== The input ==
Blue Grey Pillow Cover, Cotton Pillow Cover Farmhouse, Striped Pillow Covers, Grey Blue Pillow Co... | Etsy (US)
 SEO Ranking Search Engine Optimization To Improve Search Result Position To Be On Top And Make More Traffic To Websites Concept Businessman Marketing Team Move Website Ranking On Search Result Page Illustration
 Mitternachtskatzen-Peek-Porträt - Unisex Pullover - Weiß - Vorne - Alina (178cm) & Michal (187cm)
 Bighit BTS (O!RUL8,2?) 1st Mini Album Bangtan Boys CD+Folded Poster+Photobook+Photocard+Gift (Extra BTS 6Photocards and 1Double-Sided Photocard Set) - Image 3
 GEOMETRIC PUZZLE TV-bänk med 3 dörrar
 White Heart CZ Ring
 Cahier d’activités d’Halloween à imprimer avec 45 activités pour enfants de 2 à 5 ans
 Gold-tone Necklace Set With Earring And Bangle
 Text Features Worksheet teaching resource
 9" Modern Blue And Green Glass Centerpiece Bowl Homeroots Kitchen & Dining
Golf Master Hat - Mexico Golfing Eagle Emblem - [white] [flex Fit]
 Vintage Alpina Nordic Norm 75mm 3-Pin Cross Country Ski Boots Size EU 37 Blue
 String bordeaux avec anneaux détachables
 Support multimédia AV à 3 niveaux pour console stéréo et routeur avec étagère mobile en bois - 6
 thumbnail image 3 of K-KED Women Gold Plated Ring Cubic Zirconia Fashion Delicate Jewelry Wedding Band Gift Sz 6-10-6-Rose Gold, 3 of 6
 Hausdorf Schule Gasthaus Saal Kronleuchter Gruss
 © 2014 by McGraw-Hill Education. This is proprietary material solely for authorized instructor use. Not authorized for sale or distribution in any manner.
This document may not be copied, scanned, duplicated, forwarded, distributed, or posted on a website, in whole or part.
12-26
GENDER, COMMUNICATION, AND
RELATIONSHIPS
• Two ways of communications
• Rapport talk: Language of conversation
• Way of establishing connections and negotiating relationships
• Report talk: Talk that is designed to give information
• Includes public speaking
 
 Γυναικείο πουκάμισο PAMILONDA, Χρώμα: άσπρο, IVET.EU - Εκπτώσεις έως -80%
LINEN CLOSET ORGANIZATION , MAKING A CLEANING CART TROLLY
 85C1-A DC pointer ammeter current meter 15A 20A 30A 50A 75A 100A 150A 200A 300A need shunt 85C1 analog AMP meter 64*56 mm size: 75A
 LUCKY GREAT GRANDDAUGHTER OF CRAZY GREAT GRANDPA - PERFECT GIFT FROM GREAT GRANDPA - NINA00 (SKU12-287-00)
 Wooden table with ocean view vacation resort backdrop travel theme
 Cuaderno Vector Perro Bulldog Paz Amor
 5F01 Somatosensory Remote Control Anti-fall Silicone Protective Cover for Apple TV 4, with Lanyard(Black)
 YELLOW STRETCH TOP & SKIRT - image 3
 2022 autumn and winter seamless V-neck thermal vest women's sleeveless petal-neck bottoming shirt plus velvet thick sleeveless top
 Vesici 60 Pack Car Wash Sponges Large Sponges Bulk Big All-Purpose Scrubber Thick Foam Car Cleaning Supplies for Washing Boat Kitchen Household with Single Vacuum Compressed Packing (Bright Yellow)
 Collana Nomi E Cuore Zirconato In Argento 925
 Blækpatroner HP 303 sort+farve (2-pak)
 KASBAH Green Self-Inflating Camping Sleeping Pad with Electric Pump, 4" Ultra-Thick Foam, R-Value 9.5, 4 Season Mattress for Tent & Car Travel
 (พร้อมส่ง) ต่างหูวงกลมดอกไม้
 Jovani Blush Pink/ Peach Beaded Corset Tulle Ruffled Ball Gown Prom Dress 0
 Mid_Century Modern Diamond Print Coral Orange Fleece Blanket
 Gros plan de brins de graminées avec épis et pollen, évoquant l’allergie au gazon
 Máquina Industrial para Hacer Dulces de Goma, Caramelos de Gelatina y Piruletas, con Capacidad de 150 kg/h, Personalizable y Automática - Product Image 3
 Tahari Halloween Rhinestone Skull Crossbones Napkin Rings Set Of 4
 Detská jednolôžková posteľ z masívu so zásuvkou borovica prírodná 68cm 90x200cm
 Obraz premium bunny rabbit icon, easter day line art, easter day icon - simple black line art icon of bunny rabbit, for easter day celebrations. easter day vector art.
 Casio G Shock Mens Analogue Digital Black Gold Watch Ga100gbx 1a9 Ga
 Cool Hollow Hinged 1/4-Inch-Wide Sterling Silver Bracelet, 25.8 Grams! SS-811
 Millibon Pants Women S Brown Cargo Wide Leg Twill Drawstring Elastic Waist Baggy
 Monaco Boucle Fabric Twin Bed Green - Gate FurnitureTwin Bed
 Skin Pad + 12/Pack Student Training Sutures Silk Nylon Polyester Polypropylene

== Work required ==
From the material above, return every line that contains "Modern".

== Task answer ==
 9" Modern Blue And Green Glass Centerpiece Bowl Homeroots Kitchen & Dining
 Mid_Century Modern Diamond Print Coral Orange Fleece Blanket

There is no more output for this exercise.